Download or read book French Colonial Pottery written by George E. Avery and published by . This book was released on 2007 with total page 524 pages. Available in PDF, EPUB and Kindle. Book excerpt:

Book Old Mobile Archaeology

    Book Details:
  • Author : Gregory A. Waselkov
  • Publisher : University of Alabama Press
  • Release : 2005-03-27
  • ISBN : 0817351868
  • Pages : 64 pages

Download or read book Old Mobile Archaeology written by Gregory A. Waselkov and published by University of Alabama Press.
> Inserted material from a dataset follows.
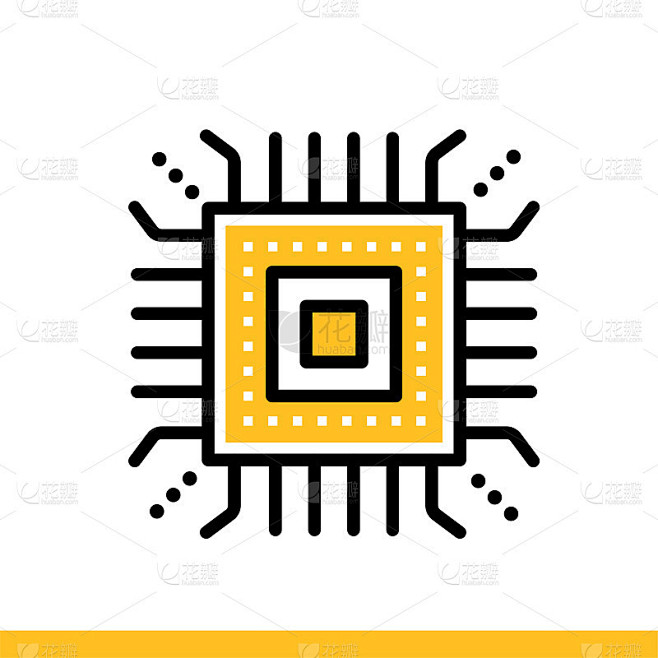 线性图标，CPU，硬件。数据计算和互联网技术的标志。适合印刷，网站和演示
This book was released on 2005-03-27 with total page 64 pages. Available in PDF, EPUB and Kindle. Book excerpt: An archaeological guide to the earliest French settlement on the northern Gulf Coast. Archaeological excavations since 1989 have uncovered exciting evidence of the original townsite of Mobile, first capital of the Louisiana colony, and remnants of the colony's port on Dauphin Island.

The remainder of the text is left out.